On Sept. 22, 2012, staff from the Stockton Fish and Wildlife Office attended the 18th Annual Feather River Salmon Festival in Oroville, Calif. The purpose of this event was to educate the public about the life history of salmon returning to the Feather River to spawn,and increase public awareness about salmon with fun activities for children and adults.

Activities included fly fishing, face painting, coloring, live music, temporary tattoos, games, and food. In addition to the U.S. Fish and Wildlife Service (Service), participating agencies included the U.S Forest Service, National Marine Fisheries Service, and the California Department of Fish and Game, now California Department of Fish and Wildlife (DFW).

The festival had many activities focused on the salmon life cycle and DFW Feather River hatchery personnel gave tours of the spawning building and educated visitors about the steps needed to fertilize eggs in preparation for incubation. Participants also watched salmon swimming up the quarter mile fish ladder to reach the spawning pool through a glass window.

This year, the Service booth offered many activities, including making salmon egg bracelets, temporary wildlife tattoos, and coloring.
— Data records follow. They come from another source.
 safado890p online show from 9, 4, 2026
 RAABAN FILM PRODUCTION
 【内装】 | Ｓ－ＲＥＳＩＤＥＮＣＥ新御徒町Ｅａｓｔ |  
The salmon egg bracelets are an interactive activity that uses orange beads to represent salmon eggs. There was also a display with preserved specimens showing the different stages of juvenile salmon.

In addition, Service staff  taught visitors how to tell the difference between male and female fish using large salmon pillows. Visitors applied their skills and identified males and females in the fish ladder by looking at the morphology of the jaw. The male salmon develops a very pronounced hooked jaw, called a kype, which aids the male in competing for females during spawning activities.

The public was also able to observe tagged salmon used for research. One of the salmon had an anchor or floy tag on the back of the dorsal fin, as well as having its adipose fin removed. The floy tag works exactly like tags used to attach prices to clothing, but is instead placed in the salmon’s skeleton to act as a long term tracing device for biologists.

The festival was very popular with hundreds of visitors and participants, all eager to learn about salmon.